Short web captions
******

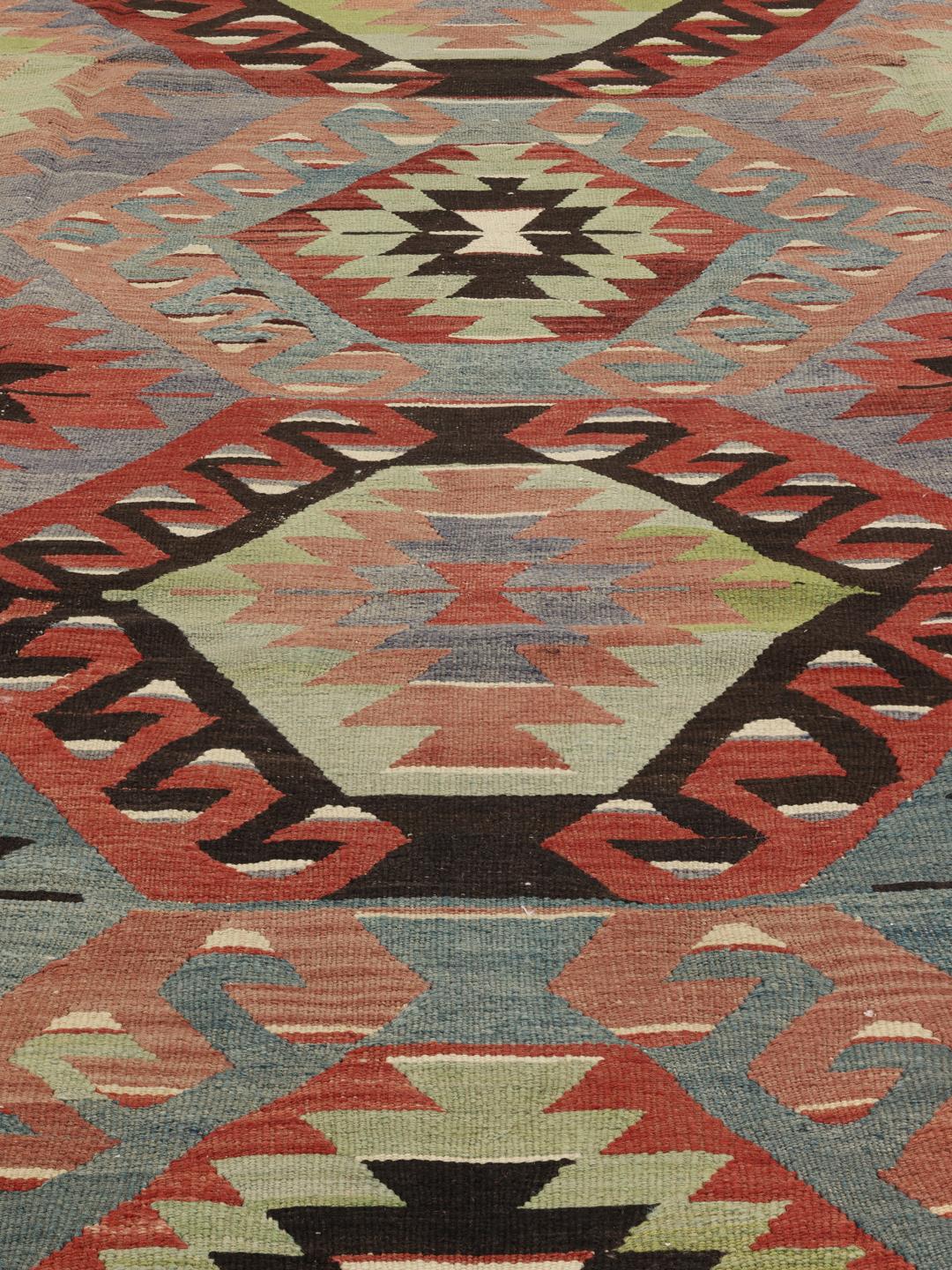 Vintage Turks kelim-tapijt met geometrische patronen in veelkleurige wol
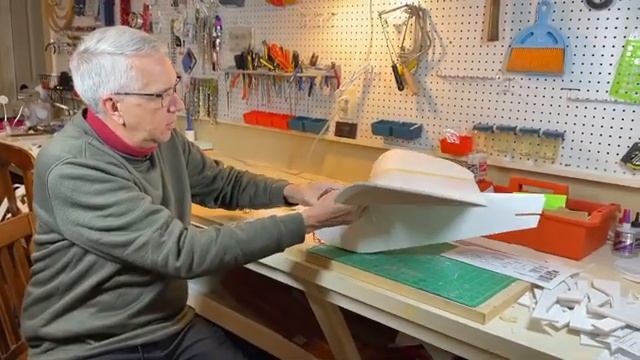 Let's Build a Foam Lazy Bee Step by Step смотреть онлайн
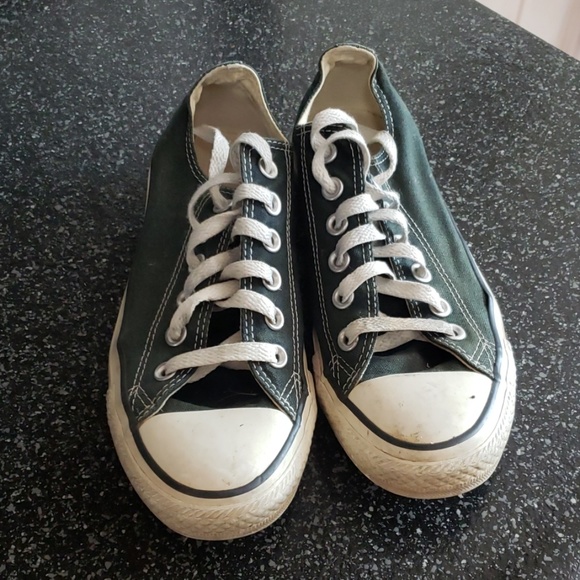 Converse - Picture 2 of 4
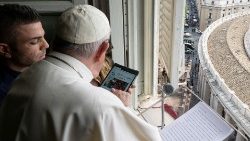 Papa faz sua inscrição na JMJ Lisboa (Photo Simone Risoluti/Vatican Media/via REUTERS)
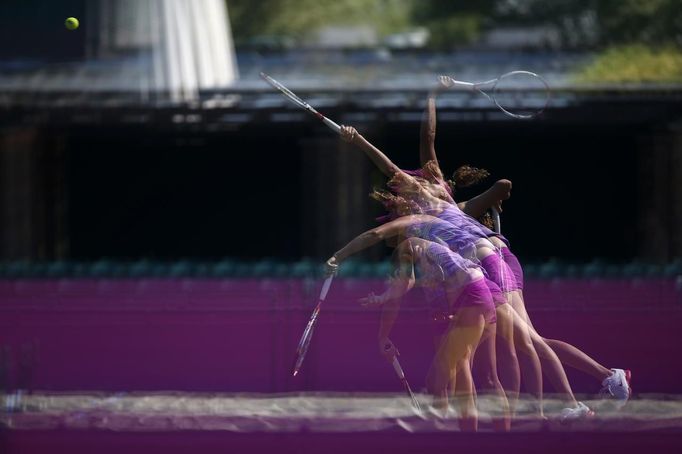 Czech Republic's Petra Kvitova serves during a training session at the All England Lawn Tennis Club before the start of the London 2012 Olympic Games in London July 26, 2012. Picture taken using multiple exposures. REUTERS/Stefan Wermuth (BRITAIN - Tags: SPORT OLYMPICS TENNIS TPX IMAGES OF THE DAY) Published: Čec. 26, 2012, 12:02 odp.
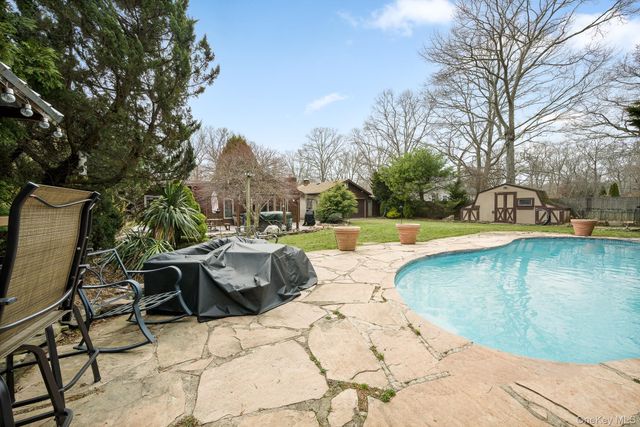13 Laurel Lane, Shirley, NY 11967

******

**Goal of the exercise**
The answer must be an exact copy of the lines from the one containing "Let's Build a" through the last line of the records, with no pictures included.

**Response**
 Let's Build a Foam Lazy Bee Step by Step смотреть онлайн
 Converse - Picture 2 of 4
 Papa faz sua inscrição na JMJ Lisboa (Photo Simone Risoluti/Vatican Media/via REUTERS)
 Czech Republic's Petra Kvitova serves during a training session at the All England Lawn Tennis Club before the start of the London 2012 Olympic Games in London July 26, 2012. Picture taken using multiple exposures. REUTERS/Stefan Wermuth (BRITAIN - Tags: SPORT OLYMPICS TENNIS TPX IMAGES OF THE DAY) Published: Čec. 26, 2012, 12:02 odp.
13 Laurel Lane, Shirley, NY 11967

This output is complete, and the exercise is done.